Caltech officials say that all of the graduate students who worked for the suspended faculty member remain at the institution, and are progressing in their original degree programmes. BuzzFeed News reported on 13 January that one of the graduate students who filed a complaint against Ott is finishing her research at the University of California, Berkeley — but her degree will ultimately come from Caltech.

Ott's research topics include determining how massive stars explode in supernovae. He is part of the Laser Interferometer Gravitational-Wave Observatory (LIGO) that is hunting for these elusive waves, which were predicted by Albert Einstein. Ott’s current US National Science Foundation awards total more than US$850,000, and his publications include a Nature paper from November on magnetic structures in rapidly rotating supernovae1.

Harrassment training

Meanwhile, Speier's remarks on the House floor focused on another set of allegations, which involved Timothy Slater, an astronomy educator formerly of the University of Arizona. The university opened an investigation in 2004 into reports of “sexually charged conduct” linked to Slater, including allegations of sexual jokes and visits to strip clubs. The report concluded that he had violated campus policies on sexual harassment.

Slater moved to the University of Wyoming in 2008. A statement on his research group's website said that he underwent management and harassment training at Arizona, and that training had been effective. “Dr. Slater has made no attempt to hide his role in, or the lessons learned from these events occurring more than a decade ago,” said the statement, which is signed by Stephanie Slater, who is Timothy Slater's wife and director of the research group. In an e-mail to Nature, Timothy Slater said that he had nothing to add to the statement and that no further allegations of sexual harassment had been brought against him since the Arizona investigation ended.

Stephanie Slater said that Speier's posting of the Arizona report had made witnesses, who are anonymized in the document, more easily identifiable. “If people think their statements are going to end up in the Congressional record, they're not going to give them,” she said.

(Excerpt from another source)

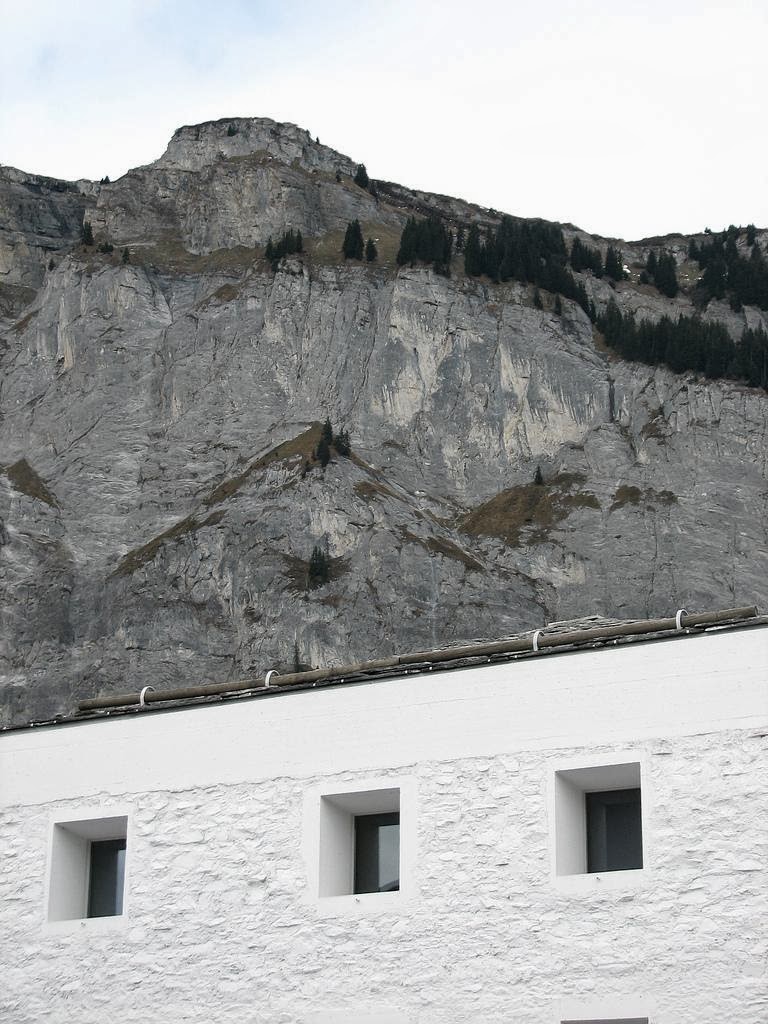 Majestic Plumage Valerio Olgiati Das Gelbe Haus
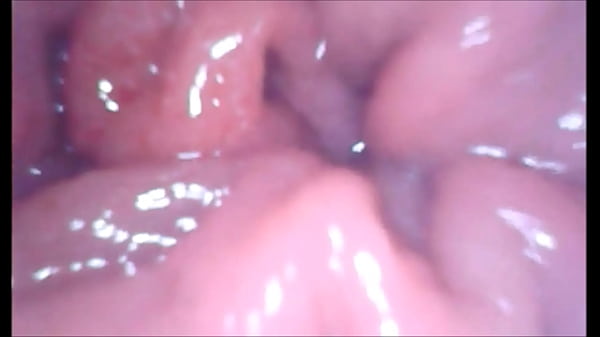 Cock Tip view when enter for anal pussy.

Speier said that she was speaking publicly about the case because “these actions are symptoms of a larger problem, of how to effectively deal with sexual harassment in academia.”

Community response

Concerns about sexual harassment in astronomy came to the fore in October, when the news broke that an investigation at Berkeley determined that exoplanet hunter Geoffrey Marcy had violated campus harassment policies. The university told Marcy to “abide by clear expectations concerning his future interactions with students” or face harsher terms including suspension or dismissal. He announced his retirement within days of the information becoming public.

At the American Astronomical Society meeting in Kissimmee, Florida, in early January, large posters in the registration area displayed the society’s anti-harassment policy. At a town hall meeting during the conference, many astronomers — ranging from students to university faculty members to high-school teachers — testified that harassment was a major and long-running problem that hampered professional interactions and many young researchers’ careers.

“There is a problem in our field and we all know it’s there,” said David Silva, director of the National Optical Astronomy Observatory in Tucson, Arizona.

Meg Urry, the society’s president and an astronomer at Yale University in New Haven, Connecticut, said that while harassment is not unique to astronomy, the Marcy revelations have brought the problem to wider public consciousness. “For some of us, over the past six months or so, the most distressing thing has been the readiness of people with power in our profession to try to protect their colleagues who are great scientists,” she added.

Universities and institutions have begun campus discussions about harassment. Caltech will hold a colloquium for graduate students and faculty on 11 February, an initiative begun by graduate students.